A great work of art is still a great work of art, no matter what. And I speak as one whose grandfather, a painter still known for his lyrical busts and portraits of Anaïs Nin, molested her mother, and whose father, a not untalented pianist and teacher, got drunk and molested her. And I still say, reject the man and embrace the artist. The name constantly associated with Allen now on blogs is Roman Polanski; let's try another for a change. Go to posts on DemocraticUnderground.com and find the question "What has James Levine (the brilliant director of the Metropolitan Opera) done that was so bad?" answered with: "I wouldn't leave my kid alone with him." Other posts implied an omnivorous sexual appetite involving harassment of any female crossing his path--along with young boys. Arthur Fiedler's daughter, whom I knew, lowered her eyes when talking about Levine's interest in young boys--a topic not included in Molto Agitato, her book about the Metropolitan Opera. She got into plenty of trouble with her own family for spilling the beans on Dad in her book, Papa,the Pops, and Me, also because people don't like to separate the man from the artist. You don't have to live with Allen, or Polanski, or Levine. But still, you don't want to be deprived of the ability to admire them. Forget it. Admire the art: it stands by itself.

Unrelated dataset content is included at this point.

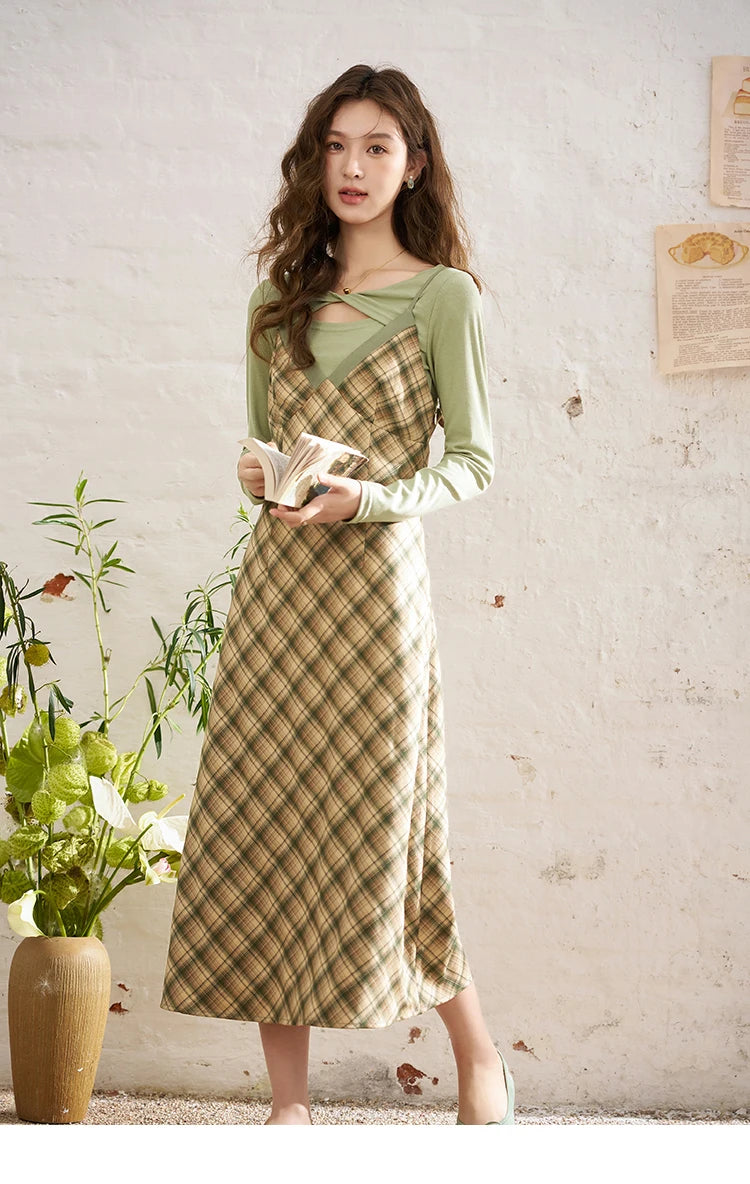 MISHOW Hollow Knitted T-shirt Plaid Contrast Straight Tube Suspender Midi Dress Separately Women 2024 Office Lady MXD14L1679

Now, Wilde's "crime" was not being gay, but forcing a population devoted to repressing a number of sexual desires to face them. His boyfriend, irked because the British public discreetly looked away as he held hands with Oscar in a popular watering hole, fired a pistol at the ceiling. Forced to look at what they absolutely did not want to see, the British public took revenge. Allen's crime can't be compared to Wilde's, because Allen in secret took advantage of a child, and harmed her. He severely damaged another life. Oh, in my opinion, ye who judge. That goes for every word in this, and all other posts. If Wilde was a crusader for gay rights, from whose early advocacy has come genuine civil rights, we don't want to go down the same road with Allen. He's in any case not campaigning for the "rights" of the pedophile. He's denying all, and saying the charges are "ludicrous" (his word). Even he knows he's supposed to think what he did was bad. What I'm hearing as I watch him is "I don't remember anyway and it wasn't so bad and jeez, the kid didn't mind in fact the kid seemed to like it and probably the time she didn't she forgot about it and oh, she's such a great little kid and why is this such a problem anyway it all happened a long time ago and only once and anyway it doesn't matter." You're never going to get any answer other than that out of him; he will never see it any other way. He will never be moral. But we can be moral. We can watch and learn and warn children, and we can have not sympathy for the devil but understanding for a pathetic person with zero impulse control. Let him make movies--they are terrific movies!--and parents, watch your kids.